Students are dashing from A-levels into debt, fuelled by a fear of poverty

Students are dashing from A-levels into debt, fuelled by a fear of poverty

Teenagers getting their results this week have little choice but to scramble for a university place and face the huge debt now involved

In a couple of days’ time about half a million young people will find out their A-level results. Soon we will no doubt learn whether a fraction more, or less, gained A*s compared with last year and in which subjects. But this year is different. A much higher proportion of youngsters will win a university place than ever before. And the message from ministers will be: everyone who strives is a winner in Cameron’s Britain. That message is a lie.

Universities will accept more students this year because the government has scrapped the old financial rules, which capped the number of places in each university. Now institutions can take any number. At the same time, the government’s benefit changes have made it harder for anyone aged under 25 to find a good job and be able to afford to house themselves. Those who don’t go to university usually have to take whatever precarious low-paid work is on offer near their home.

In a more decent country, young people would be able to vote with their feet against the debt imposed by £9,000 tuition fees. They would have other options. But in the UK today, rejecting the offer of a university place means a greatly increased risk of living in poverty.

The chancellor, George Osborne, rounded off his budget speech of July 2015 thus: “It was the Conservatives who first protected working people in the mills; it was the Conservatives who took a great step towards state education … So, of course, it is now the Conservatives who are transforming welfare and introducing a national living wage. This is the party for the working people of Britain.”

It was, of course, the Conservatives who mostly looked after the mill owners’ interests and who still seek to make it harder for ill-treated workers to strike. They have reduced the amount of money spent per child in state education, especially in sixth forms and further education colleges.

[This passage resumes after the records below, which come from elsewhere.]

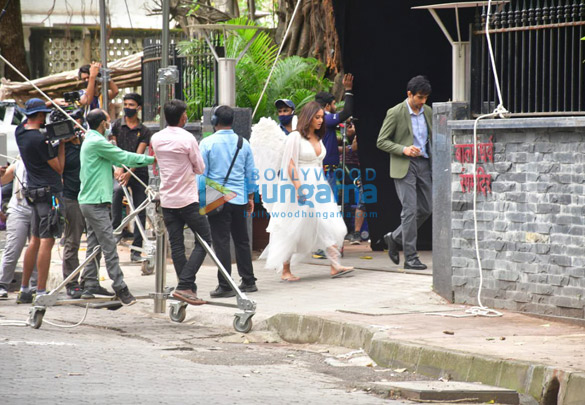 photos ileana dcruz and pratik gandhi spotted at shoot location 2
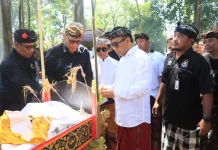 Karya Atiwa-Tiwa Desa Adat Kesiman Diikuti Ratusan Krama
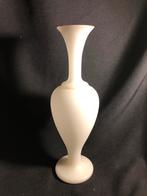 Antieke Melkglazen Vaas, Gebruikt, Wit, Ophalen of Verzenden, Glas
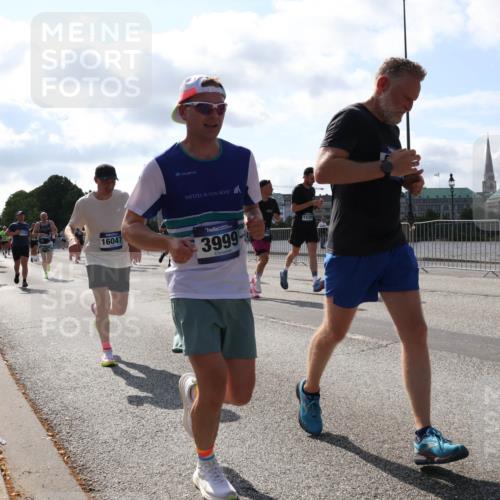 29.06.2025 - hella hamburg halbmarathon Lena Gebhardt http://msf.ph/oto/8273096 29.06.2025 09:57:39 Lombardsbrücke 16047, 3999, 15388, 1030, 1086, 1094, 1193, 1320, 1321, 1327, 1422, 1442, 1563, 1870, 2119, 2252, 2444, 2448, 2488, 2595, 2814, 2855, 2946, 3048, 3058, 3096, 3103, 3114, 3698, 3999, 4261, 4299, 4379, 4558, 4986, 5013, 5018, 5021, 5024, 5032, 5305, 5633, 5775, 5820, 5907, 6125, 6355, 6356, 6374, 6569, 6585, 6628, 6720, 6762, 6776, 6795, 6942, 7134, 7221, 7259, 7397, 7478, 7594, 7646, 7742, 7930, 7932, 7952, 7973, 7976, 9316, 10191 meine-sportfotos.de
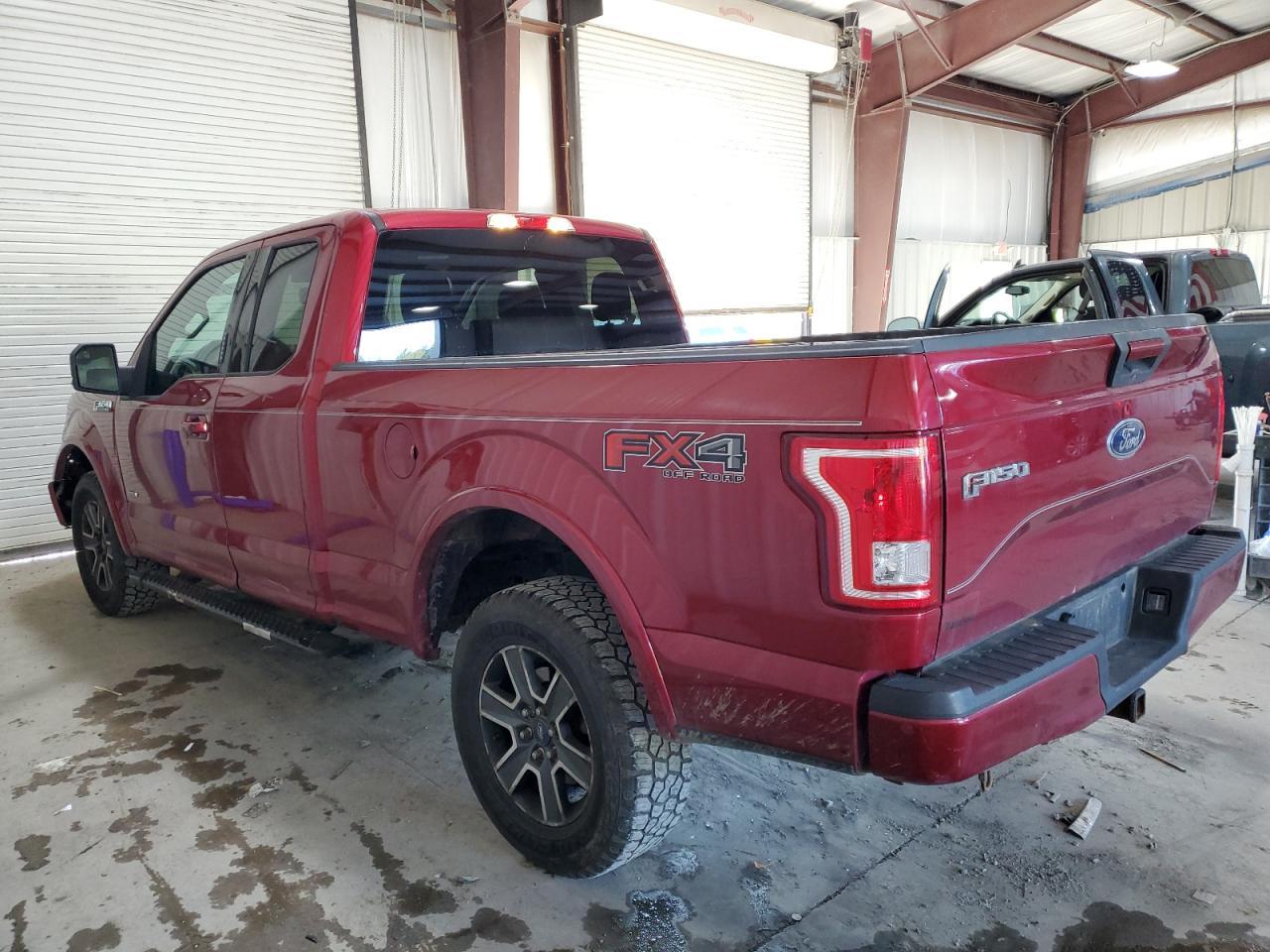 2015 Ford F150 Super Cab - Фото 2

It was also the Conservatives who in the July budget took away what remained of grants for poorer students, converting them to loans. And it is the Conservatives and their friends who have most to gain from all the interest that students will have to pay on their loans. The chancellor’s friends are the lenders who buy government bonds and who will buy up large tranches of student debt. The Conservatives have created a sellers’ market for our children’s debt. The long-term plan is not to keep the debt on the government’s books. And that plan requires demand for university places to appear to soar.